L’accès aux soins est de plus en plus précaire, de plus en plus menacé. Même dans notre pays qui se targua longtemps de la qualité de son système de santé, des indices alarmants sont devenus patents. L’évidence saute désormais aux yeux : les soins palliatifs sont insuffisants, les perspectives démographiques de la population, en regard de celles des soignants, font craindre un avenir sombre.
Les progrès de la médecine sont fulgurants. Mais, sans argument solide, ils sont perçus comme générateurs d’expansion et non de compression de la morbidité de la fin de la vie prophétisée par James Fries en 1980. Nous attendons de la médecine qu’elle soit aussi performante dans le soulagement des souffrances en fin de vie. Or nous sommes déçus pour deux raisons : l’insuffisance de développement de la médecine palliative d’une part et le constat de notre impuissance face à notre destinée existentielle d’autre part. Pourrons-nous jamais envisager la mort avec une constante sérénité ?
Ainsi, le refus de la fin de la vie dans des conditions indignes s’est imposé à juste titre dans l’opinion sans se donner les moyens d’y remédier.
La prévision de nouvelles contraintes liées aux dérégulations climatiques n’encourage pas les initiatives en faveur des plus vulnérables d’entre nous. La fin de la guerre froide a brièvement fourni l’illusion de la fin des conflits armés. Il n’en est rien ! Voici que nous nous interrogeons : pourrons-nous relever tous ces défis financiers et humains ? Ne serons-nous pas trop nombreux, trop coûteux ?
Les données qui nous viennent d’Oregon et du Canada sur les motivations des malades postulants sont instructives. Au Canada, en 2022, les sources de souffrance les plus souvent citées par les personnes effectuant une demande d’aide médicale à mourir étaient la perte de la capacité à participer à des activités significatives (86,3 %), suivie de la perte de la capacité à accomplir les activités de la vie quotidienne (81,9 %), loin devant le contrôle inadéquat de la douleur ou l’inquiétude au sujet du contrôle de la douleur (59,2 %).

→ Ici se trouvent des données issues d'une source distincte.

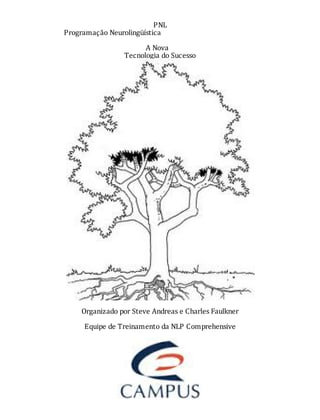PNL
Programação	Neurolingüística																																																		
	
A	Nova			
Tecnologia	do	Sucesso
Organizado	por	Steve	Andreas	e	Charles	Faulkner
	
Equipe	de	Treinamento	da	NLP	Comprehensive
	
																																																																																																																									
 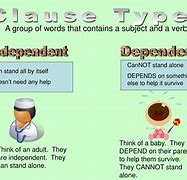 Image result for Difference Between Dependent and Independent Clause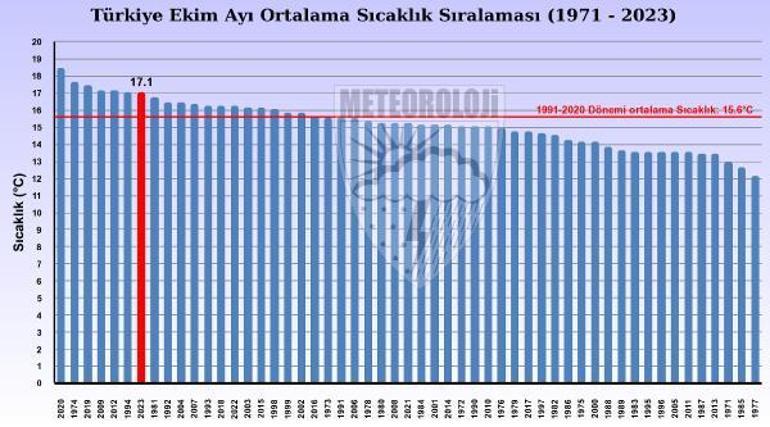 Türkiye, son 53 yılın en sıcak 7’nci ekim ayını yaşadı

En Oregon, en 2023, les trois préoccupations de fin de vie les plus fréquemment signalées sont la perte d'autonomie (92 %), la diminution de la capacité à participer à des activités qui rendaient la vie agréable (88 %) et la perte de dignité (64 %).
Autant dire que le défi va au-delà du contrôle des symptômes pénibles en fin de vie mais doit aussi être attendu dans l’accompagnement des vulnérabilités dans un sens large. Dès lors, des objectifs ambitieux nous attendent pour éviter le sauve-qui-peut mortifère qui s’annonce : favoriser l’autonomie, développer la vie sociale, définir la dignité espérée, rendre disponibles les soins palliatifs, parler encore et toujours de la fin de la vie.